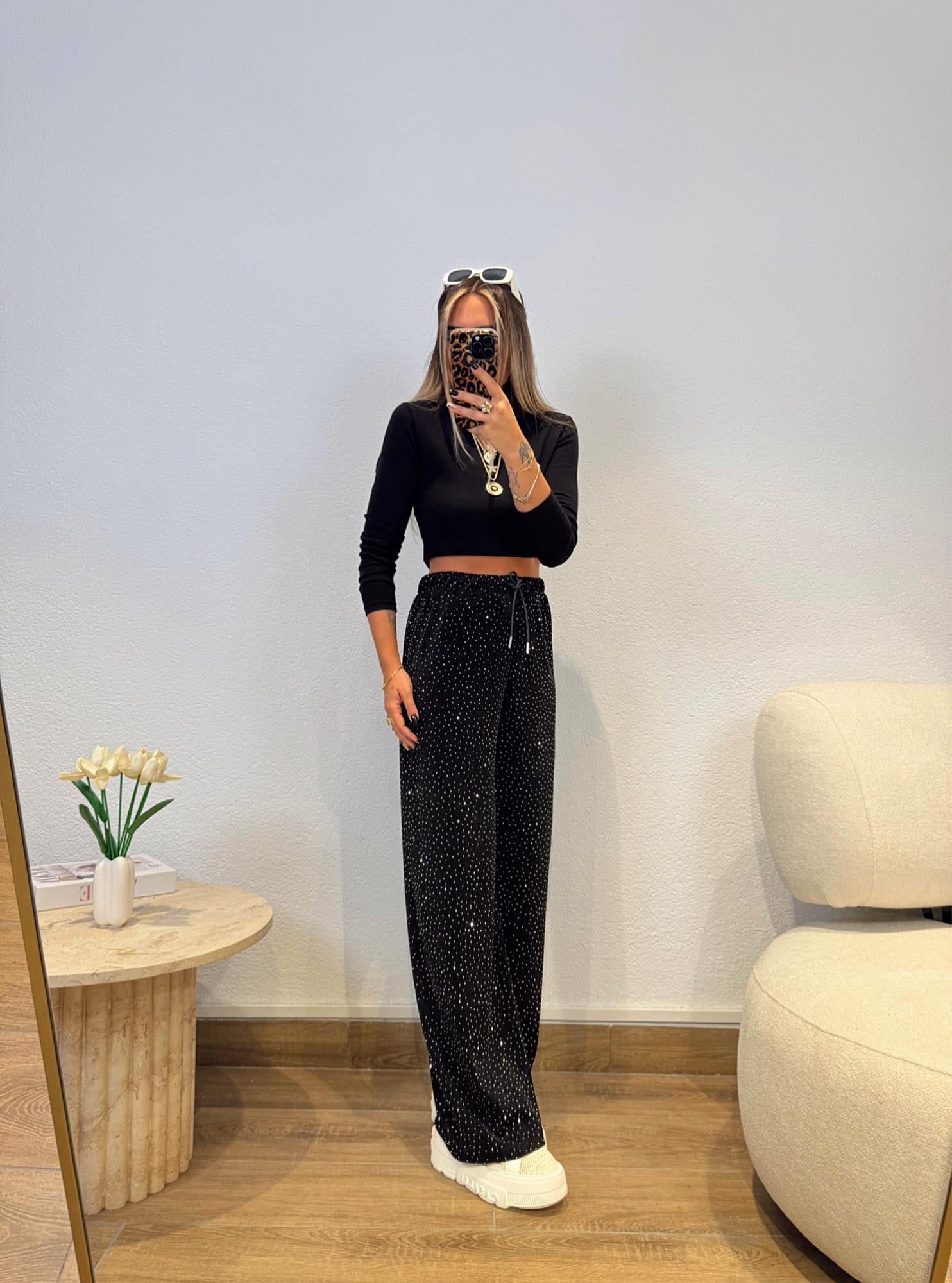 Siyah Taşlı Rahat Pantolon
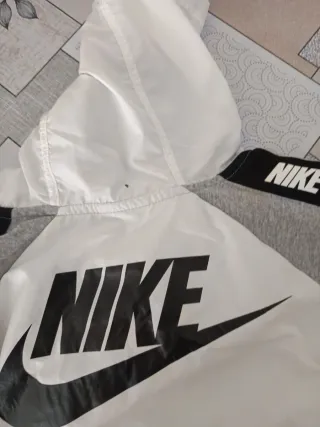 Sudadera con capucha Nike gris talla XL niño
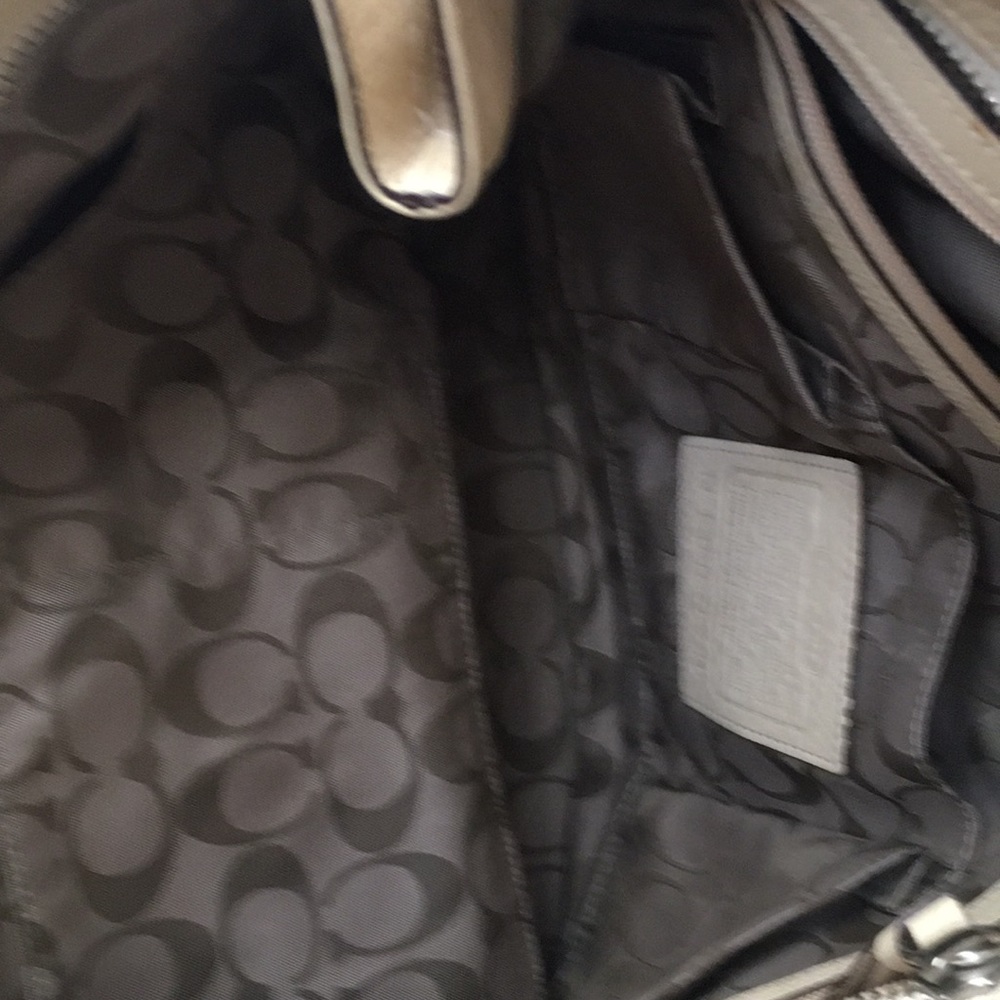 Used - Picture 3 of 4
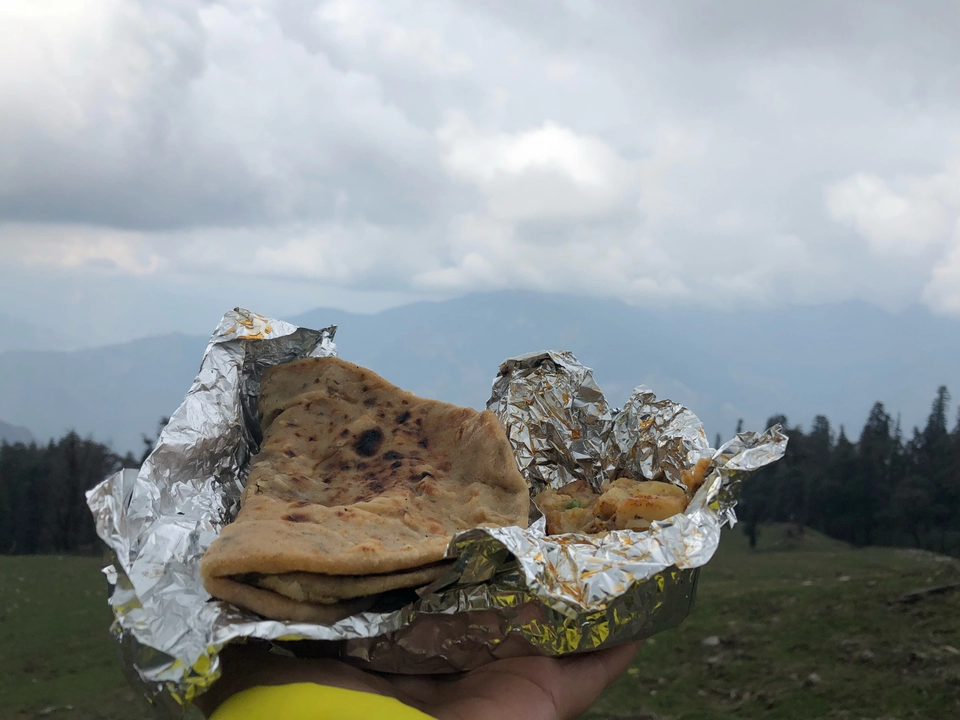 Photo of Kedarkantha Trek, Kedarkantha Trek Road, Bhel Chowk, Karanpur, Dehradun, Uttarakhand, India by Steffy Munjal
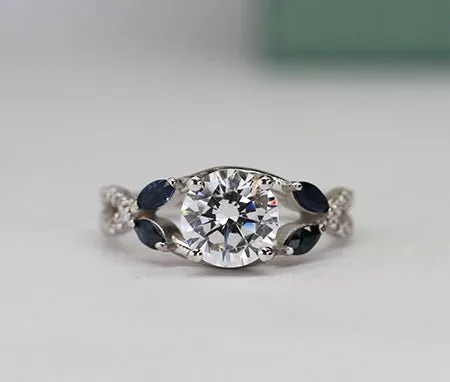 Alba - Round Lab Diamond Engagement Ring (IGI Certified)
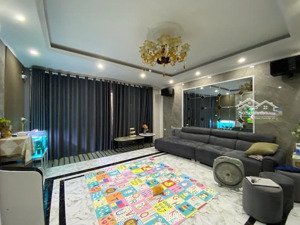 hiếm! căn nhà phố ngô gia tự, 38m2, nhỉnh nhẹ 7 tỷ, ô tô đỗ cửa, gần phố, full nội thất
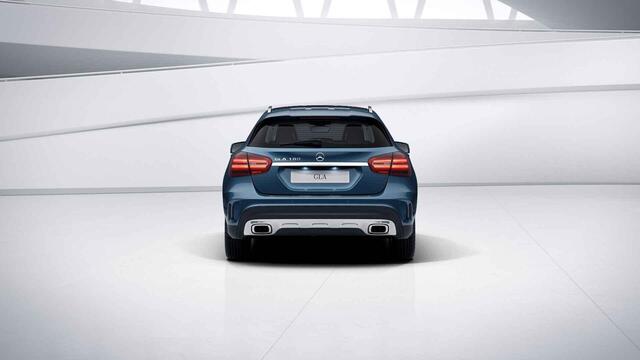 Mercedes-Benz GLA-KLASSE 180 Business Solution AMG | Panoramadak | 19" lichtmetalen velgen | Keyless | Achteruitrijcamera |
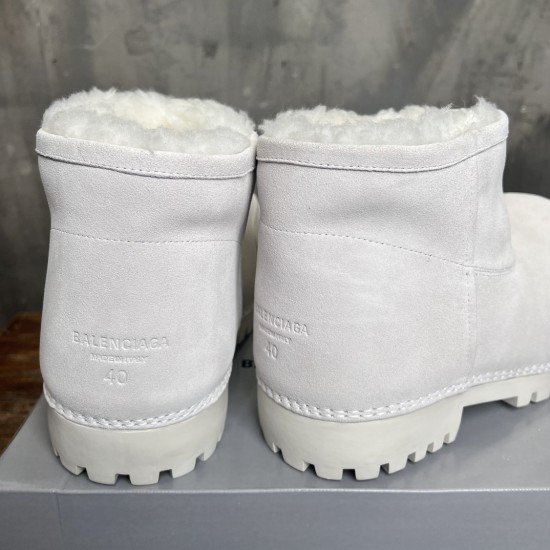 skiwear ski boots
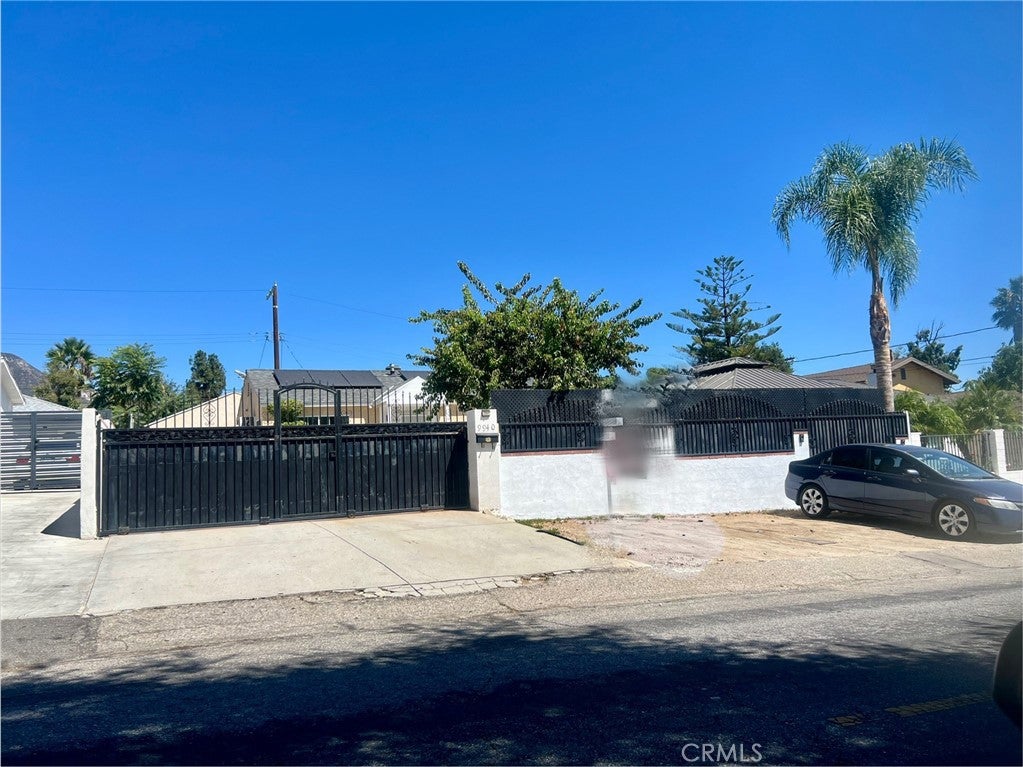 9940 Haines Canyon Avenue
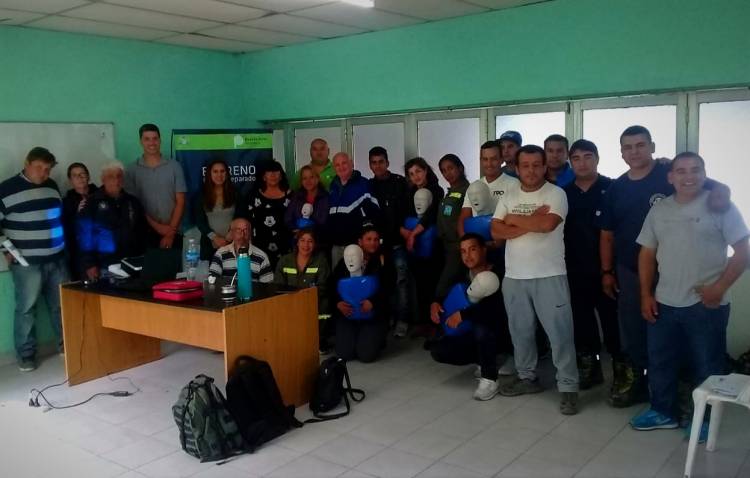 Taller de primeros auxilios y RCP en la delegación de bomberos de Alejandro Petión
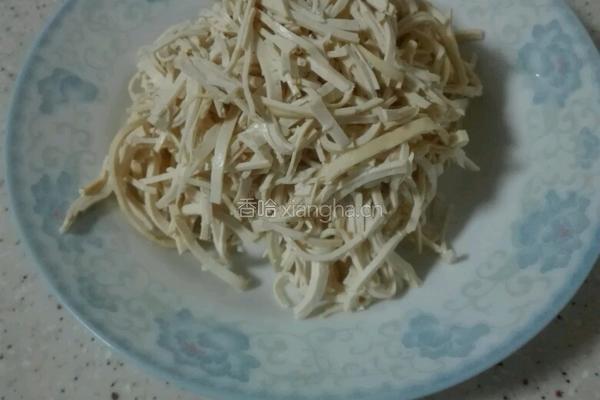 扬州烫干丝的做法图解1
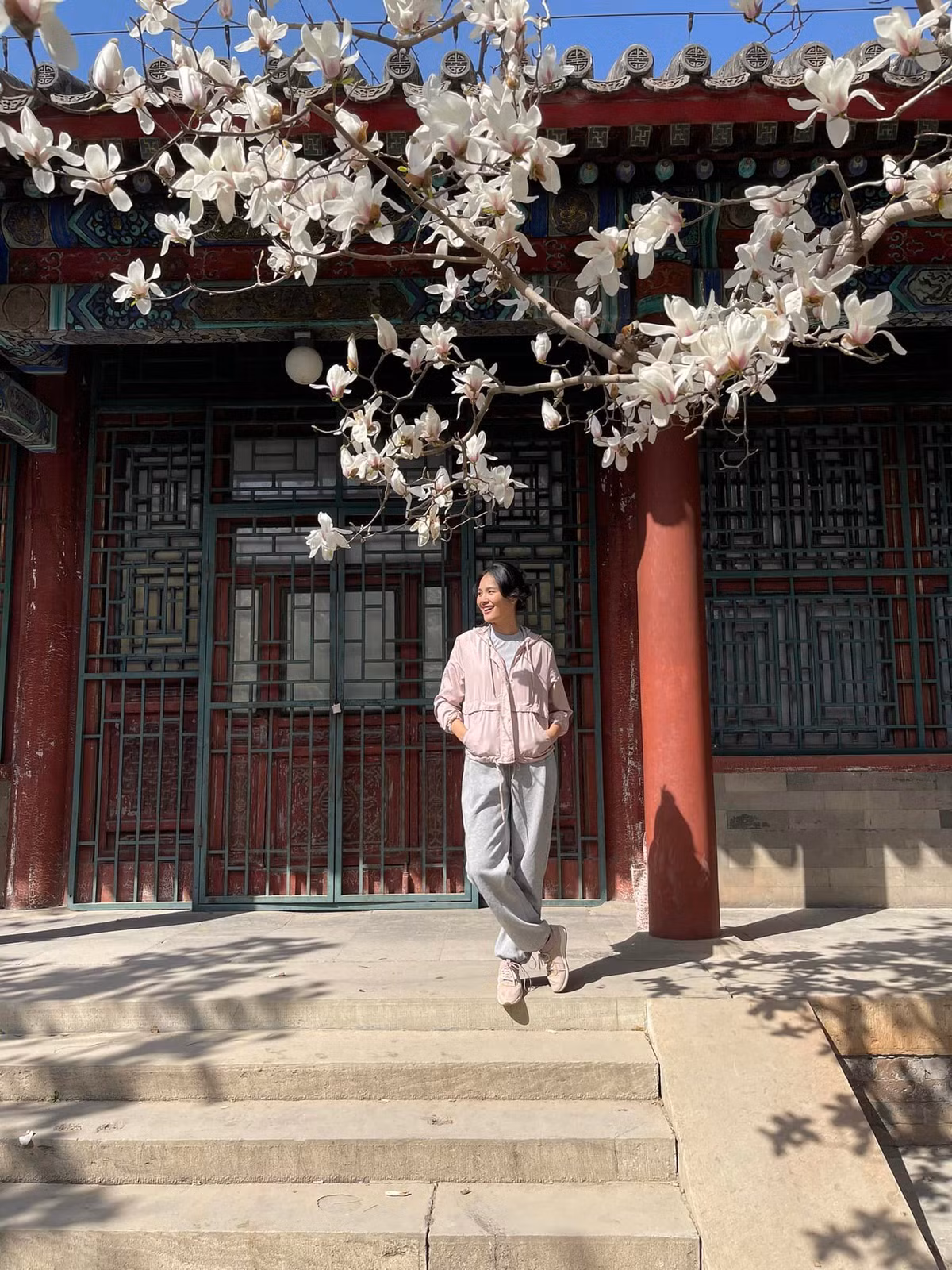 Hoa hậu gốc Hải Dương giản dị về thăm quê chồng. Trước cảnh đẹp làm say đắm lòng người, Hương Giang hứa hẹn lần sau sẽ mang theo áo dài qua chụp ảnh.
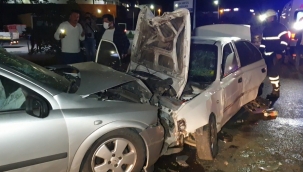 Karşı şeride geçen otomobil, kafa kafaya çarpıştı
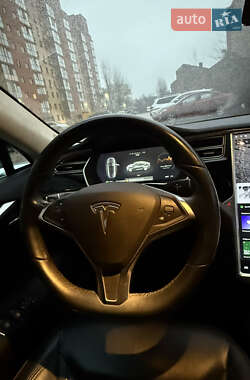 Лифтбек Tesla Model S 2016 в 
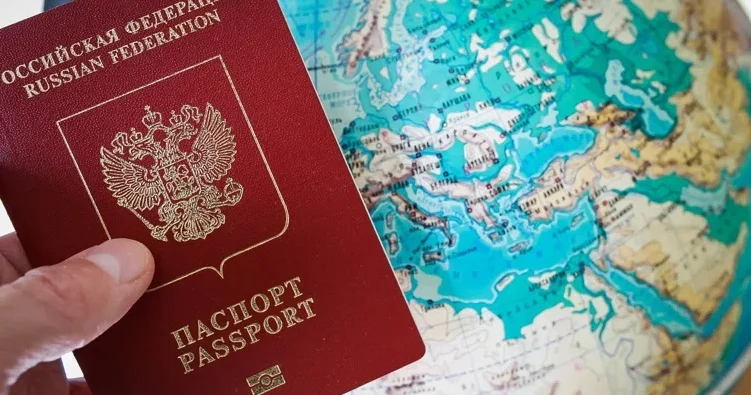 7 ölkə Rusiya pasportuna qadağa qoydu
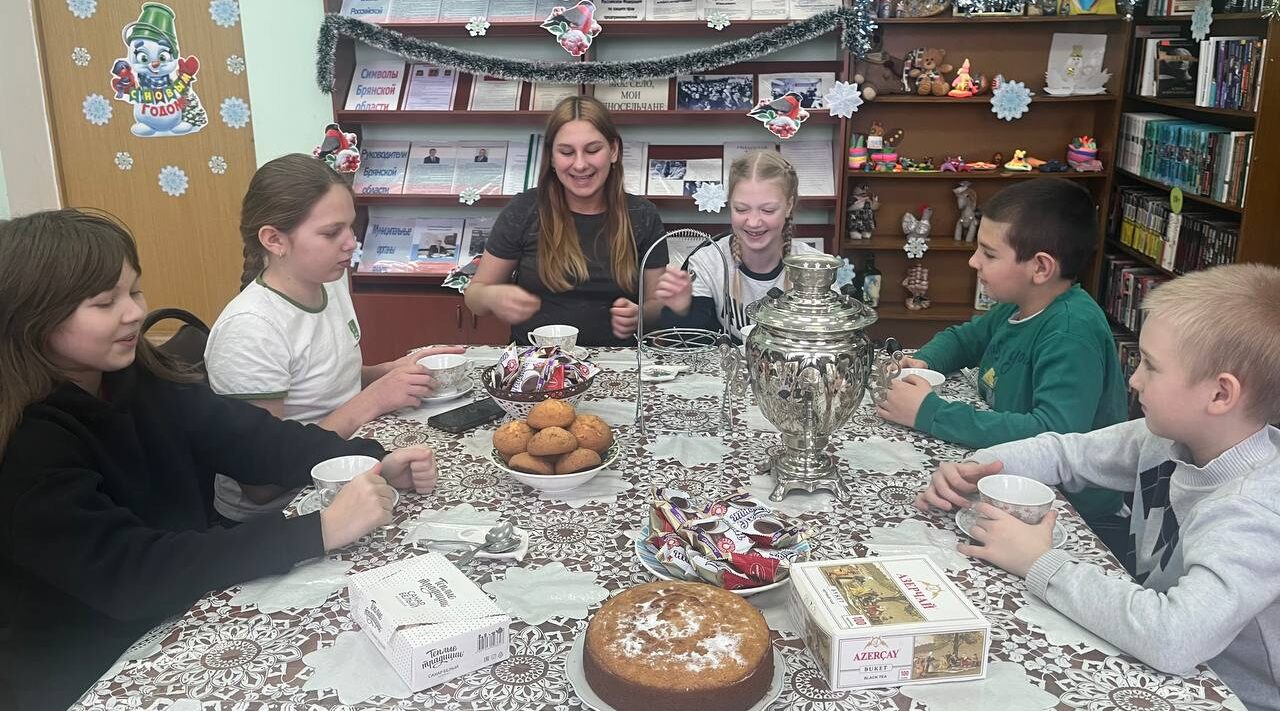 В Бошино для детей провели рождественские посиделки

::::

**What you will do**
Nothing but the lines from the one with "Taller de primeros" to the one with "Hoa hậu gốc" above, both included, should be transcribed, exactly and without pictures.

**Exercise solution**
 Taller de primeros auxilios y RCP en la delegación de bomberos de Alejandro Petión
 扬州烫干丝的做法图解1
 Hoa hậu gốc Hải Dương giản dị về thăm quê chồng. Trước cảnh đẹp làm say đắm lòng người, Hương Giang hứa hẹn lần sau sẽ mang theo áo dài qua chụp ảnh.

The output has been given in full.